Teaching Beauty

Beauty & the Geek, which pairs “gorgeous but academically impaired women with eight brilliant but socially challenged men,” reminds RedKudu of teaching. In one episode, a Beauty can’t figure out the Dewey Decimal System and simply gives up. She knows the show is set up to display her stupidity, so why try to be smart? RedKudu is reminded of students who shut down when the work is frustrating.

I wonder, IF they choose to perceive the material and the class as intended to make them feel stupid (or if they come into it perceiving themselves as stupid), what incentive is there for them to try harder? If no one but me is interested in their achievement (because these are kids whose parents are non-responsive), and I’m the person responsible for the content which discourages them, what role might I play in getting them back without catering to their minimal work habits and apathy?
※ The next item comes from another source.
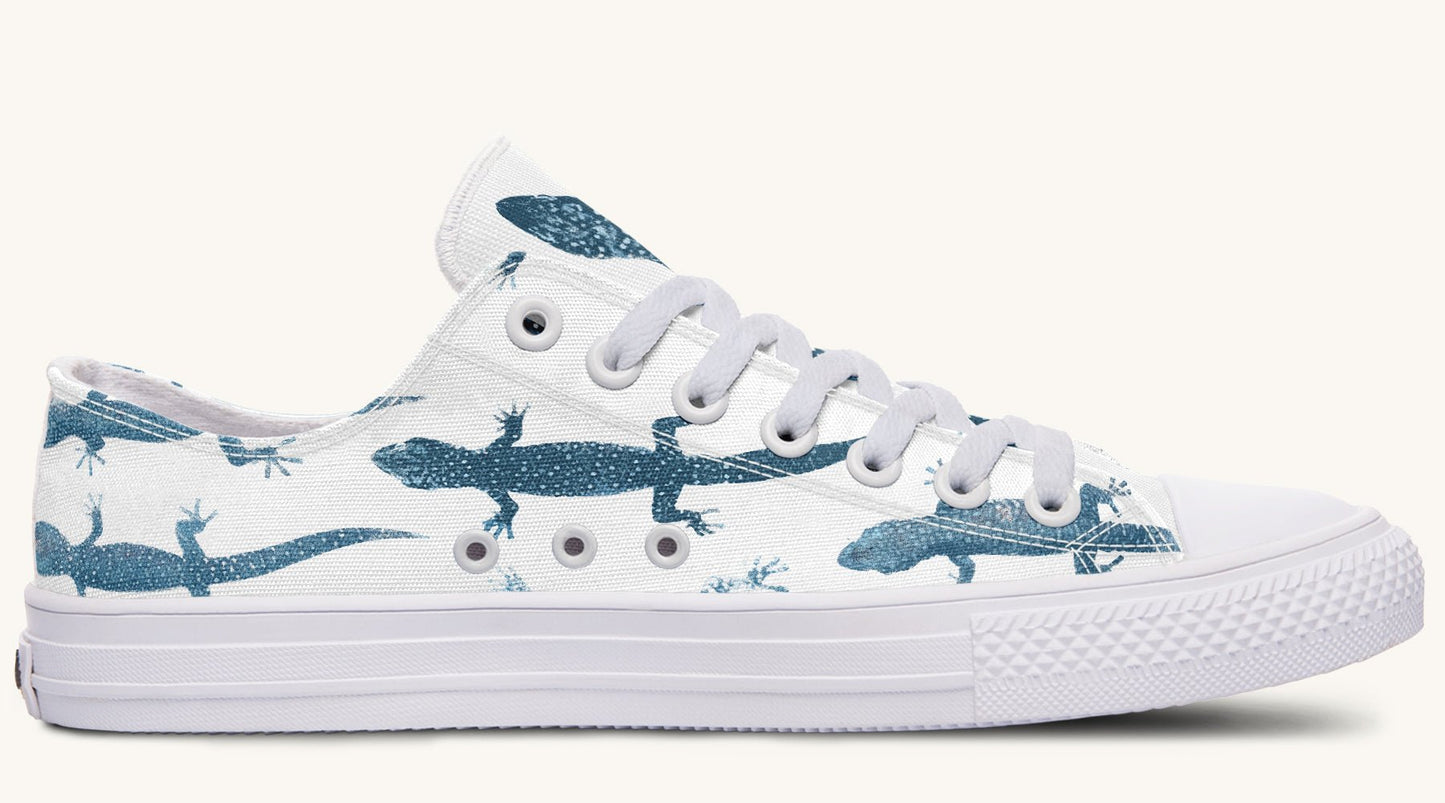 March of the Lizards Blue White Lowtops - Jaded Lament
. . . I’m just wondering if there’s a point at which some…something…could be inserted into the cycle between shut-down and melt-down. Something other than the procedures put in place by the school to catch these kids which so often don’t really catch them, but rather juggle them between promised leniency, outright bribery, and an unspoken agreement to let them slip through the cracks so that they need not trouble us further with their profound inadequacies which have built up over the years — delivered wholesale by the very system claiming to be the preparatory experience for their future lives.
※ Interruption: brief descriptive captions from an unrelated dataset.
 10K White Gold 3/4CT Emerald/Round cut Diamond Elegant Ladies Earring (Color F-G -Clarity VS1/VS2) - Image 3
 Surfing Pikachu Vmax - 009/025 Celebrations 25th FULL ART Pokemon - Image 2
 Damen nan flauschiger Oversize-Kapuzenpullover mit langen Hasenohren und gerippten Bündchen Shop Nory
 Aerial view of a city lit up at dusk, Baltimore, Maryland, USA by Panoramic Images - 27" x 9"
That’s why they call it a reality show.

About Joanne


  1. When you have an object that’s just coasting along, is there any real surprise when that object derails at the first bump?The trick is to remember to teach children that hard is normal, that it’s not personal. When they first learned to walk, it was hard, but then it got easy. When they first learned to tie their shoes, it was hard but got easy. I’ve got kids. They don’t know to make the connection themselves. They think “hard” is a permanent state of being unless you explicitly tell them otherwise. Over and over again. With examples. You have to make it normal for them that school starts out hard, gets easier as you practice, then a new grade comes and it’s hard again. That “hard again” should not be coming as a surprise. It should be a challenge the student has been prepared to expect and conquer.
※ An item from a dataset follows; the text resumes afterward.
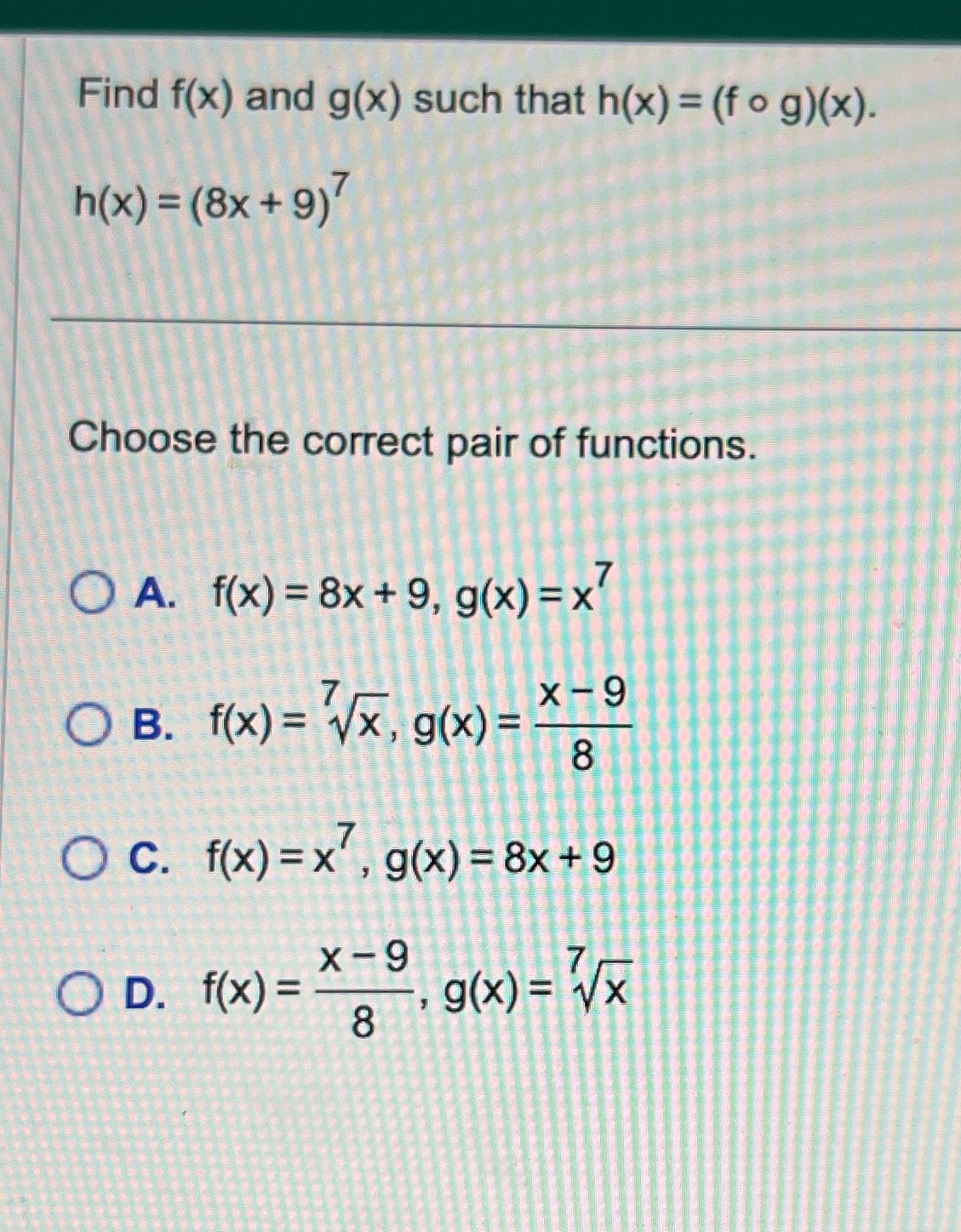 How do I solve this? Find f(x) and g(x) such that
  2. I just had a child, and I now hang out with other people that have infants and toddlers. The tendency or inclination to give up when frustrated or to scream and be feisty is already present in the infants I see. Some literally hang their head in their hands. Others seize on and scream but pull until success. Others fail to notice the bruises they’ve inflicted while attempting something.

    if a child makes it to age 8, and you are merely the teacher for 6 hours a day, do you really think you’ve got any influence over how they approach adversity? They’ve had these experience and responses since infancy. whether it was parents/nature/nurture that created how they handle it, it is already in the cement. the best you can do is think through how to minimize pain for those who are risk adverse.

    John Holt knew this. read Why Children Fail.